--- START ---

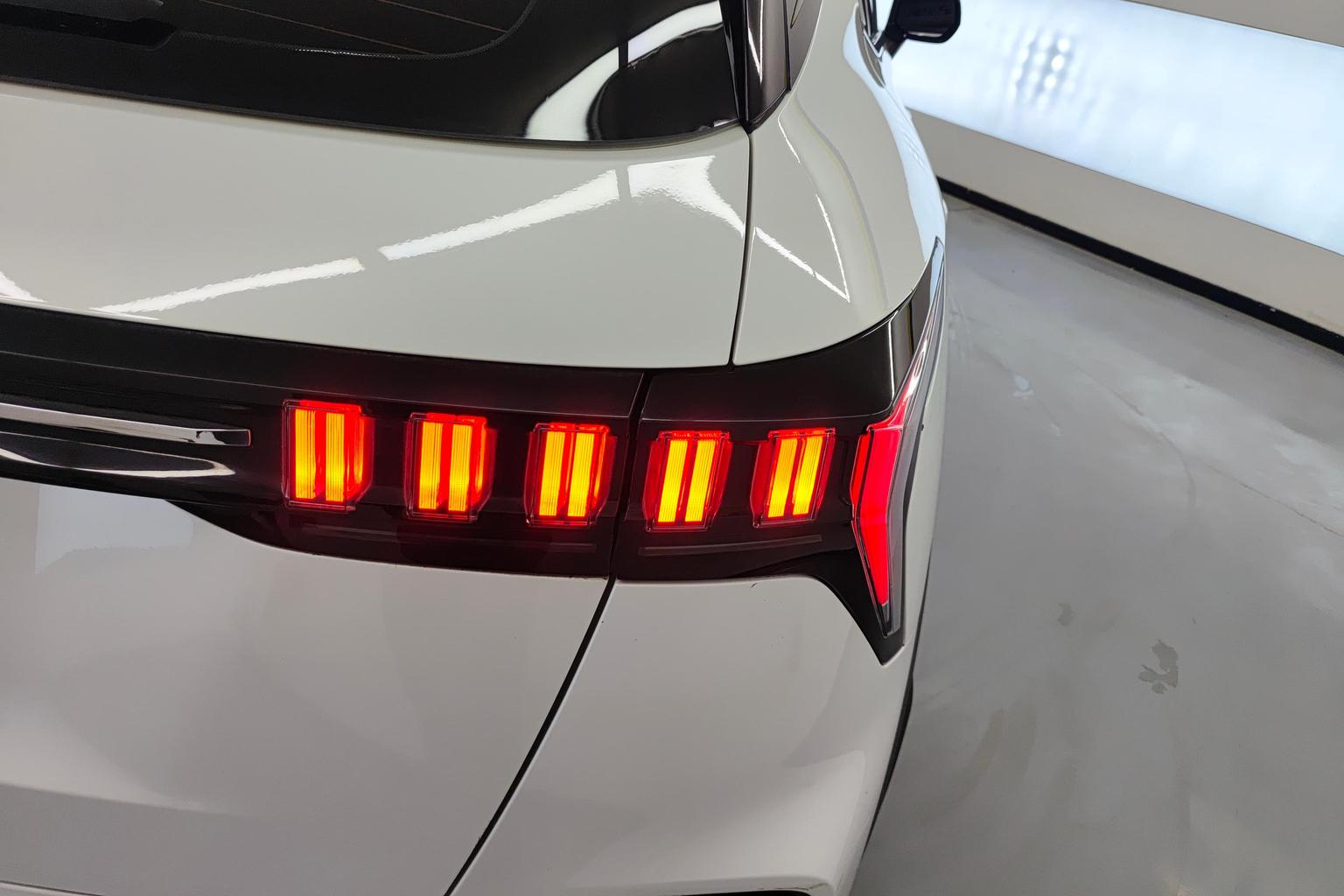 Lynk & Co 06 2020 1.5T Shine Halo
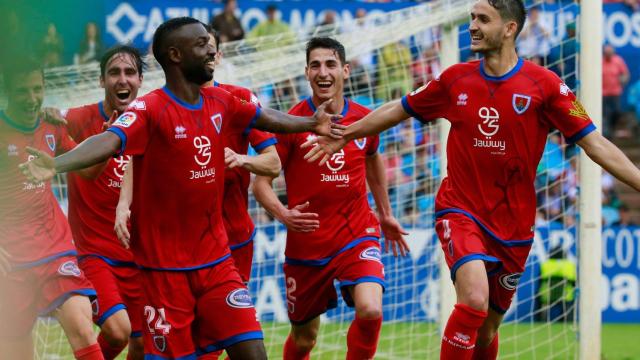 Los jugadores del Numancia celebran el gol decisivo de Diamanka.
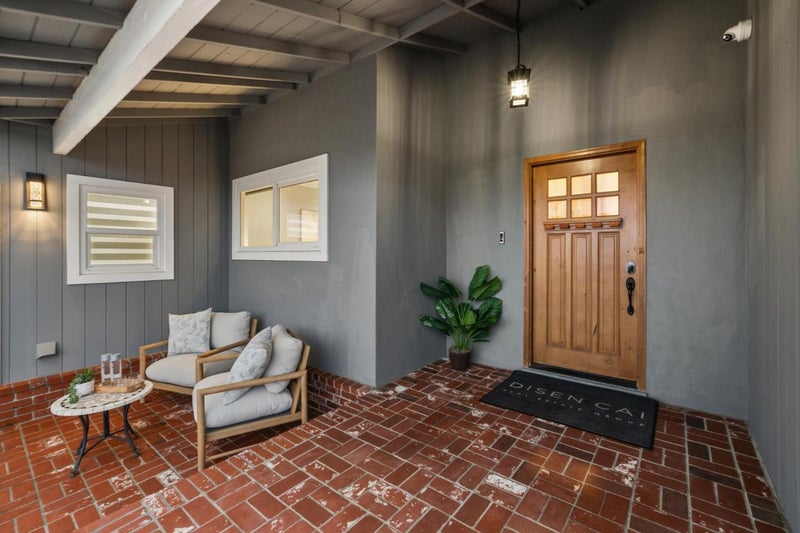25 Vallejo Drive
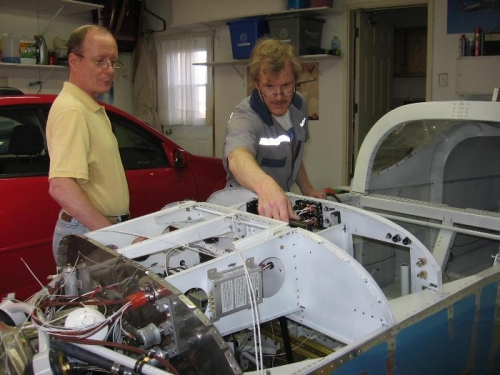 Checking the display for mounting angle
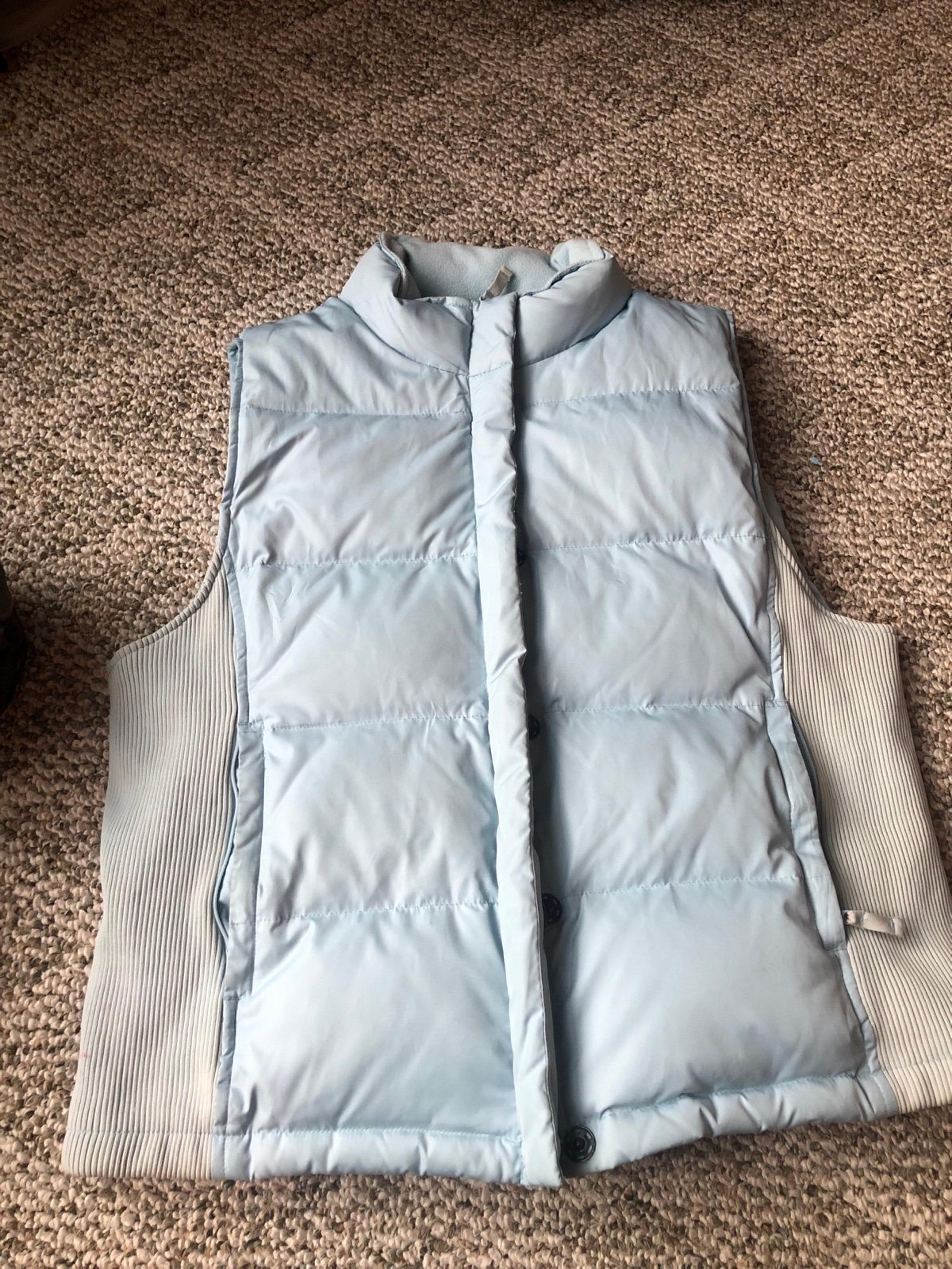 GAP light powder blue puffer vest, great condition, size L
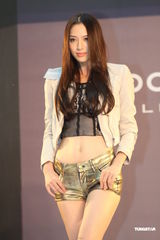 组图：甄子丹帅气代言 名模白歆惠热辣走秀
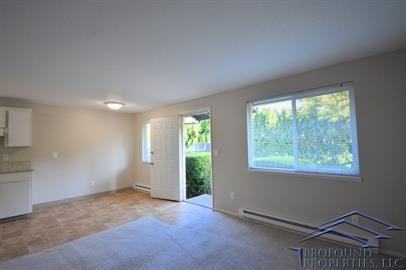 221 SE 12th Ave, Hillsboro OR 97123 - Photo 2 of 22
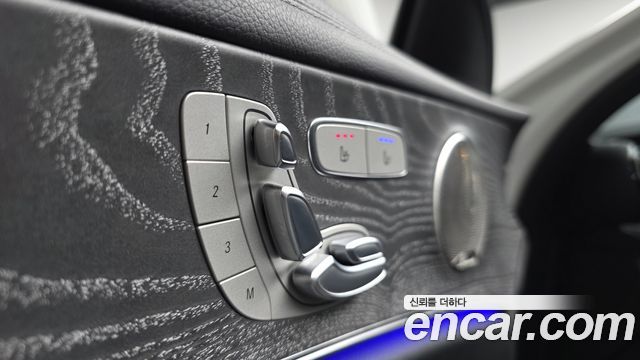 Mercedes-Benz E-Class (W213) E350 4MATIC Exclusive 2023 — фото 30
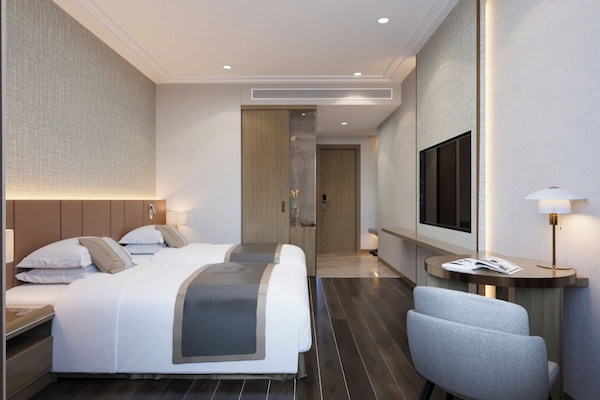 Minibar, safe på rommet, skrivebord og lydisolert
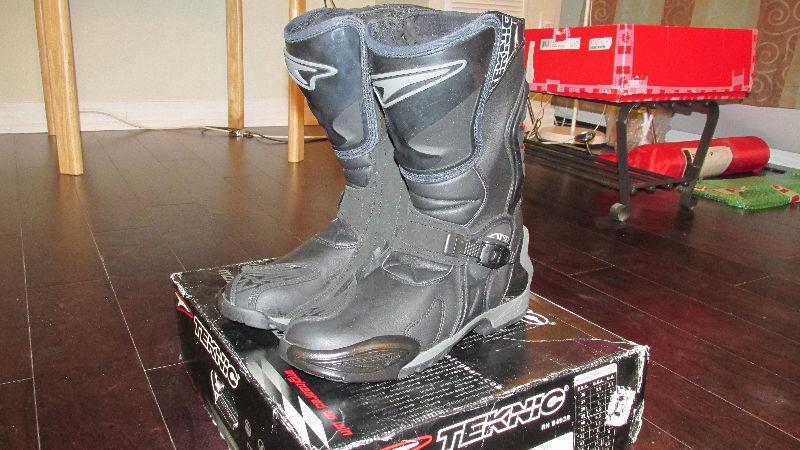 Teknic Violator Waterproof Motorcycle Boots
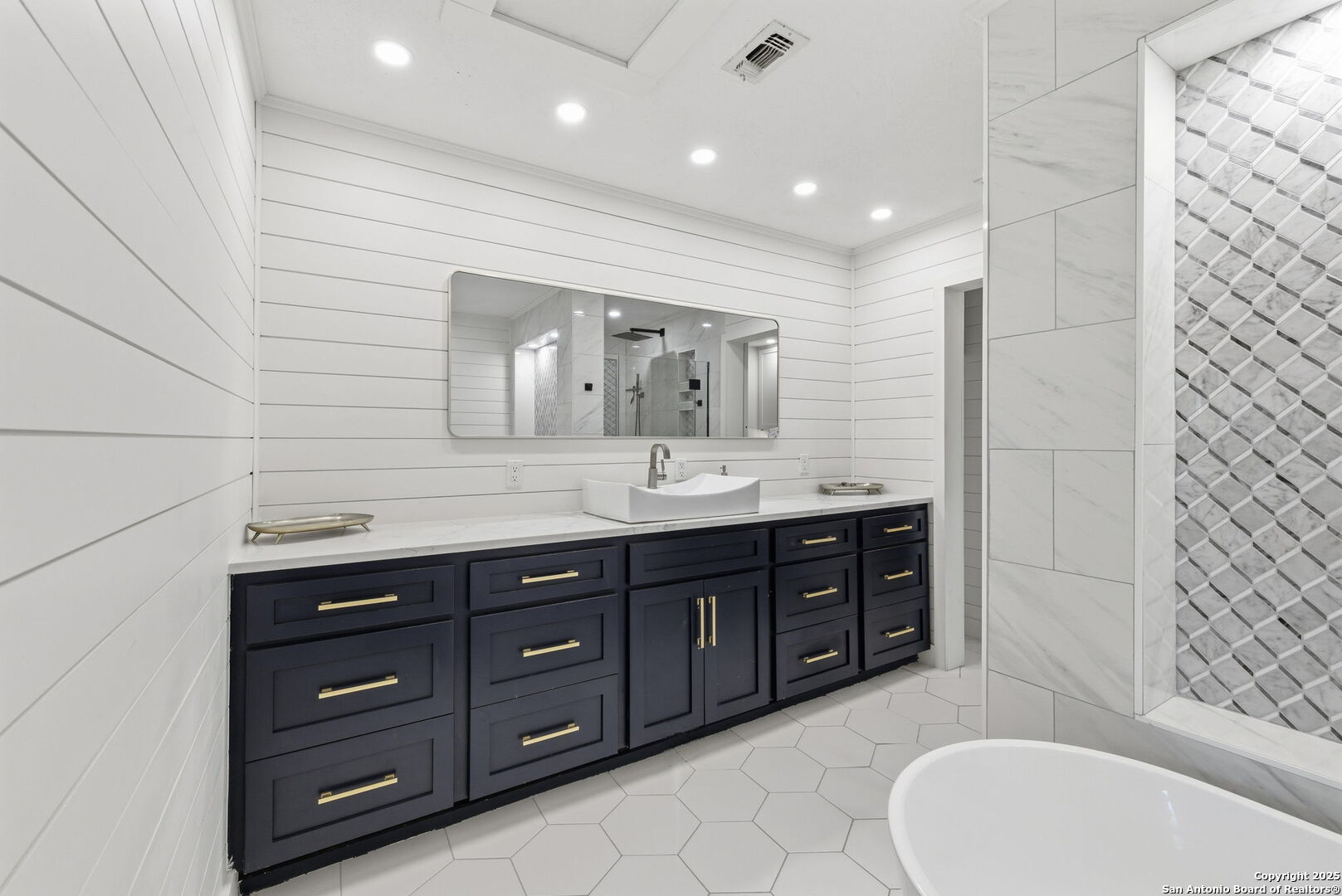 1072 Summit Canyon Lake, TX 78133 - Photo 22 of 50 a spacious bathroom with a double vanity sink mirror and double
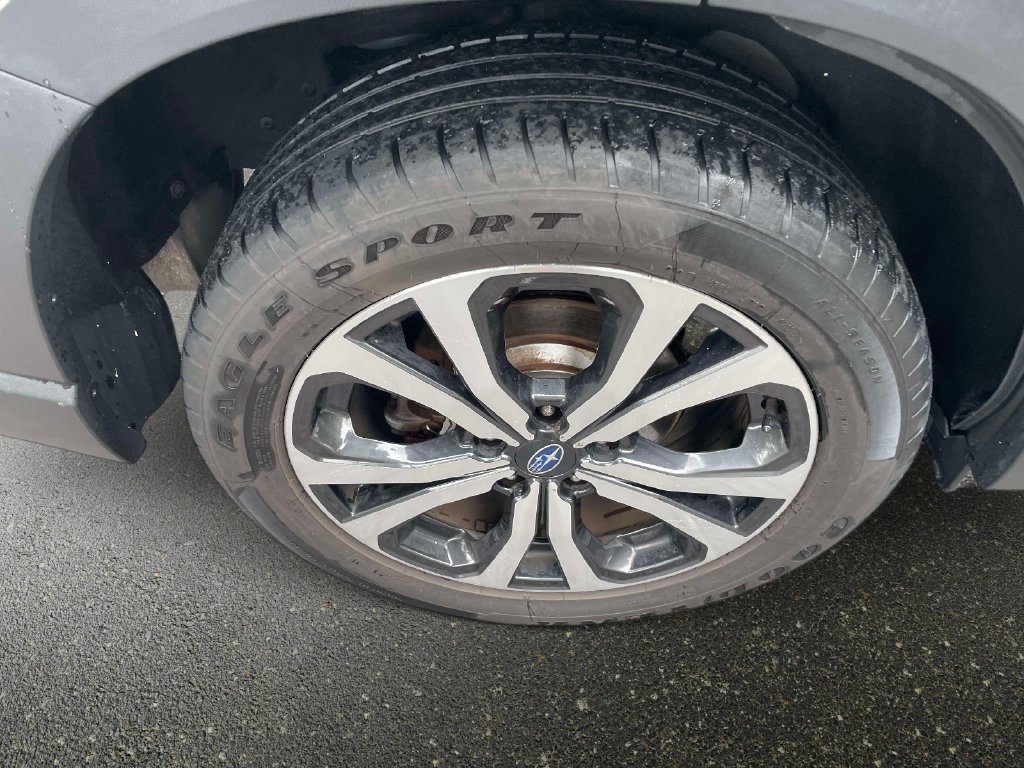 Used 2020 Subaru Forester Limited AWD/4WD image 7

--- END ---

• _ACTION ITEM_
Both ends included, copy the lines from the one holding "GAP light powder" to the last line of the entries exactly, with all pictures left out.

• _ANSWER TO THIS TASK_
 GAP light powder blue puffer vest, great condition, size L
 组图：甄子丹帅气代言 名模白歆惠热辣走秀
 221 SE 12th Ave, Hillsboro OR 97123 - Photo 2 of 22
 Mercedes-Benz E-Class (W213) E350 4MATIC Exclusive 2023 — фото 30
 Minibar, safe på rommet, skrivebord og lydisolert
 Teknic Violator Waterproof Motorcycle Boots
 1072 Summit Canyon Lake, TX 78133 - Photo 22 of 50 a spacious bathroom with a double vanity sink mirror and double
 Used 2020 Subaru Forester Limited AWD/4WD image 7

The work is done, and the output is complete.